Earlier this week I had the opportunity to attend Forrester's journey mapping workshop in their San Francisco office. It was a great mix of content and group exercises to give everyone hands on experience mapping the journey of a customer. We had a pretty impressive journey map by the end of the afternoon!
But the topic that kept coming up during the breaks, was "how do we replicate this with our teams when we get back to the office?" The great thing about this workshop is that we were all in the same room and able to work together. And as you might expect if you've done journey mapping, all of the tools were analog. Sticky notes, printed journey map, markers, flip charts, photos, printed personas... These tools all but mandate that everyone be in the same place to have a productive meeting; one where everyone can contribute. But the reality is that a lot of companies have remote workers, can't justify travel budgets for this type of project, or need to do the work over a longer period of time. Current tools make it difficult to get this important work off the ground.
Enter visual collaboration.
It's a new but growing software category, one that Prysm is in, that allows you to see and interact with multiple pieces of content at the same time, so you can digitize a lot of traditionally analog processes. Take journey mapping. To run a workshop, you simply need to upload a journey map background image and any supporting content that you would typically print so it is always visible for reference. Then, participants from any location can simultaneously add sticky notes containing steps, touchpoints, emotions, etc. Easily move them around without worrying about them losing their "stick." Take a snapshot of the whole workspace to save a variation you might want to explore at another time, or snapshot your final map and email it to your exec team for review. Step by step through the process, Prysm's software has the tools needed to complete this work efficiently, effectively, and with input from everyone, not just those that are in the room.

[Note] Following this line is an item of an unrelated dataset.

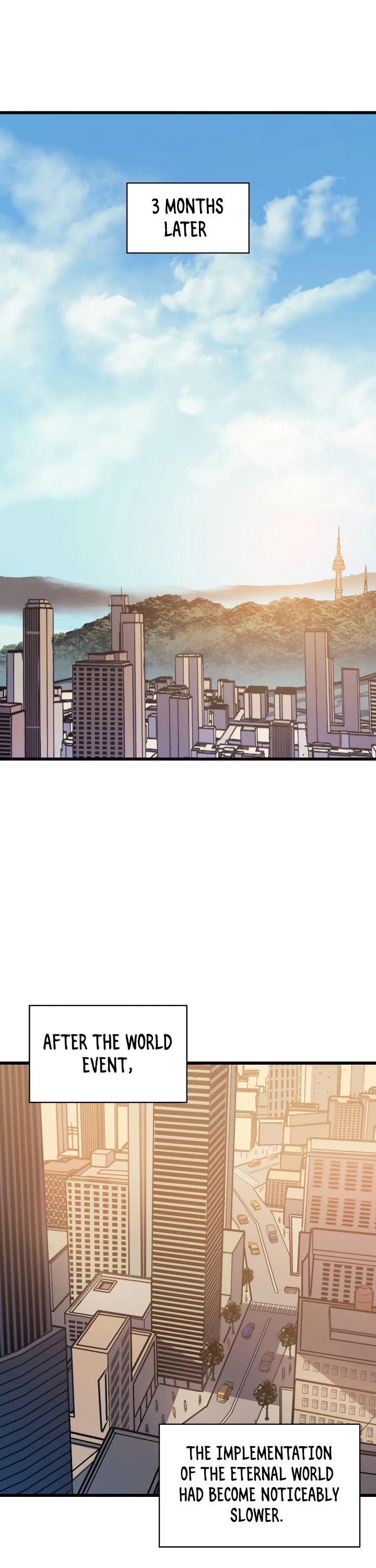 Max Level Returner Chapter 73 page 2 - Chapter 73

The benefits of Prysm for a process like journey mapping, are extensive, but here are a few: you can add endless sticky notes, whiteboards, and map variations without running out of room or stickies falling off; the content stays as you left it, so you can come back and review or iterate as needed; it can be accessed from any location and any device, so everyone can be an active participant; you can include co-browsers, so everyone can see websites and other live sources simultaneously; and it integrates with existing enterprise tools, for easier access to your existing systems.
Needless to say, I left the workshop extremely motivated to get started, and am thankful I have the tools to do it effectively with a distributed team, without a lot of logistical planning.